Dalam konteks Indonesia, sebenarnya konsep omnibus law juga pernah
dipraktekan namun bukan dalam bentuk UU, melainkan dalam bentuk Ketetapan
Majelis Permusyawaratan Rakyat Nomor 1/2003 yang mengatur banyak subyek norma
hukum TAP MPR. Setidaknya ada 139 TAP MPR yang dicabut oleh TAP MPR No 1 Tahun
2003 dari periode tahun 1960 sampai dengan 2002. Namun perlu ditekankan
perbedaan TAP MPR ‘Sapu Jagat’ dengan omnibus law, TAP MPR tersebut
tidak memuat norma baru, hanya semata-mata menghapus dan memberi pertimbangan
terhadap subsatansi TAP yang diatur.
Terlepas dari apa yang telah diuraikan
diatas sebelumnya, dengan mengingat akan sejarah dari omnibus law yang sering
digunakan oleh negara-negara yang menganut system common law, maka
apakah terhadap konsep omnibus law ini dapat diterapkan dalam system
hukum Indonesia? Untuk menjawab pertanyaan ini sebenarnya bisa-bisa saja karena
dengan konsep tersebut dapat menjadi jawaban atas persoalan kompleksitas dan
tumpeng tindih regulasi di indonesia, selain itu asal konsep tersebut dibuat
secara jelas dan taat terhadap herarki aturan, serta menjamin kepastian hukum.

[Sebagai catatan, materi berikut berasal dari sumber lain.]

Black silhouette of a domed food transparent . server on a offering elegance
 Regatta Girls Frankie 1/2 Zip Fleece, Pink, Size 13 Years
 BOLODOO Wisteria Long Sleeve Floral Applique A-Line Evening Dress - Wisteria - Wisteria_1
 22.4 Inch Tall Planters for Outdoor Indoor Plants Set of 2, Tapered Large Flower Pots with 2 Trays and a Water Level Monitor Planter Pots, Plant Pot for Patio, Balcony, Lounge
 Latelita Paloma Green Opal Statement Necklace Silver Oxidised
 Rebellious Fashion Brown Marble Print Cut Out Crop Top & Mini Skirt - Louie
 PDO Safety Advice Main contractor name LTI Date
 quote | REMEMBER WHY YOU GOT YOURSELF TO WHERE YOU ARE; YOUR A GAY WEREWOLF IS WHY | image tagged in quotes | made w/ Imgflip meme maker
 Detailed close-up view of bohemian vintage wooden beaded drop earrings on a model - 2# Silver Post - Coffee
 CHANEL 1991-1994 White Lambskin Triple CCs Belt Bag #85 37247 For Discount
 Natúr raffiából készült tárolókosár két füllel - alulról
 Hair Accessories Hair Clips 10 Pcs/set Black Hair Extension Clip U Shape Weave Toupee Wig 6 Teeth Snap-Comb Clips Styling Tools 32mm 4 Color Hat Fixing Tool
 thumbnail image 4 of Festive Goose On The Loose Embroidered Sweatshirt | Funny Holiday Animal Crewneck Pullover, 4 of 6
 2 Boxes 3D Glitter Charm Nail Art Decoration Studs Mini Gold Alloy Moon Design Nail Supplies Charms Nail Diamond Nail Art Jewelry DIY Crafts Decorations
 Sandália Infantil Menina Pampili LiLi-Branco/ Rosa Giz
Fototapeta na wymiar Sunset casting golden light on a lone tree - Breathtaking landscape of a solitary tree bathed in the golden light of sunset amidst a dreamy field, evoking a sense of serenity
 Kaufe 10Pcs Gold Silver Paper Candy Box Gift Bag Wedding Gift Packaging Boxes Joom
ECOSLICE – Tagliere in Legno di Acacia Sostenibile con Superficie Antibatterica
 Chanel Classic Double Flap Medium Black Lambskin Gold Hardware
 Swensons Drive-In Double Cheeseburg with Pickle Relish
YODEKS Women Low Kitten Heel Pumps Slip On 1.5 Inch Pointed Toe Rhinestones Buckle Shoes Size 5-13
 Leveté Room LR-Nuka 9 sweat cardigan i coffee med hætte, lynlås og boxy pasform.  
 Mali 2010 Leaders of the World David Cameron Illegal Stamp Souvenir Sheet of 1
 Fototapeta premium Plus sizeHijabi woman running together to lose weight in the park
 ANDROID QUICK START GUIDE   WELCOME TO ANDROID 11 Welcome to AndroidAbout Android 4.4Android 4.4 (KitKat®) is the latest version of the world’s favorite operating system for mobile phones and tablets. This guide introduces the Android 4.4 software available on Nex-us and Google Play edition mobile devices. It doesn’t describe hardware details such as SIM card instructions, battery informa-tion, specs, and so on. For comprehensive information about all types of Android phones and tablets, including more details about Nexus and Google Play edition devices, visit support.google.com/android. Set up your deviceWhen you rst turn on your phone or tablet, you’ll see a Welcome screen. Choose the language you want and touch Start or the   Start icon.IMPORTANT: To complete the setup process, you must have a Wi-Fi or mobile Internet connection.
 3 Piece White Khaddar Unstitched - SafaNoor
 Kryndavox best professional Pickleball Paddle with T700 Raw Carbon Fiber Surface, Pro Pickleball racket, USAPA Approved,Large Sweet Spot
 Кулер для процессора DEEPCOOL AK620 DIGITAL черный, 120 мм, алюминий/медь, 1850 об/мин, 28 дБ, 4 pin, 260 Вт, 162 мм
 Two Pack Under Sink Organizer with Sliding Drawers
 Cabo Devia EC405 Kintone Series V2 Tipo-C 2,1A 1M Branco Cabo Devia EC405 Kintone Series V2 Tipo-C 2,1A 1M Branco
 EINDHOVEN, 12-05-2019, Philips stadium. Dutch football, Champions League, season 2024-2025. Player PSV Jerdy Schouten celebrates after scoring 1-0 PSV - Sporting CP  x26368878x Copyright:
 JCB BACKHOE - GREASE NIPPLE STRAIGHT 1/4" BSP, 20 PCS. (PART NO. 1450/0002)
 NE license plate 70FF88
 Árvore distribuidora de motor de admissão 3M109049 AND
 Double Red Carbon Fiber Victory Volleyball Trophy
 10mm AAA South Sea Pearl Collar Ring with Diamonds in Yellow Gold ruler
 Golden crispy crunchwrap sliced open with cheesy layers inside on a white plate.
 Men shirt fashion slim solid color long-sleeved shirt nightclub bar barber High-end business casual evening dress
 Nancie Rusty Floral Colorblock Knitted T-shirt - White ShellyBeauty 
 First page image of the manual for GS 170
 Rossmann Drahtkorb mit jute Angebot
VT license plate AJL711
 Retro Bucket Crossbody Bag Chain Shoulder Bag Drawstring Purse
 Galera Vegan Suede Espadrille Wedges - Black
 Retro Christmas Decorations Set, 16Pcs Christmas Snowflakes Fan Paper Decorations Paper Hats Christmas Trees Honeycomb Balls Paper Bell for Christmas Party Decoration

Sebagaimana diketahui hukum selalu berkembang, oleh sebab itu terhadap
paradigma sistem hukum di Indonesia pun juga berkembang dan tentunya
perkembangan yang ada pun harus menuju arah yang lebih baik sebagaimana fungsi dari hukum itu
sendiri, begitupun dengan adanya konsep omnibus law, jika memang akan
diterapkan maka harus dikaji secara mendalam agar mampu tercipta hukum yang
baik.
Sumber :
Jurnal
Mirza Satria Buana, SH., MH.,
Ph.D, Menakar Konsep Omnibus Law Dan Consolidation Law Untuk Harmonisasi
Peraturan Perundang-Undangan Indonesia: Pendekatan Perbandingan Hukum Tata
Negara, “Prosiding Konferensi Nasional hukum tata negara ke 4 “penataan
regulasi di Indonesia”, UPT PENERBITAN UNEJ, 2017.
Firman Freaddy Busroh,
Konseptualisasi Omnibus Law dalam Menyelesaikan Permasalahan Regulasi
Pertanahan, Arena Hukum Volume 10 Nomor 2, STIHPADA Palembang, 2017.
Artikel
Yustinus Prastowo, Mujarabkah
Omnibus Law sebagai Obat Lesu Ekonomi, Regulaion Tax Discussion,
CITA (Center for Indonesia Taxation Analysis), 2019.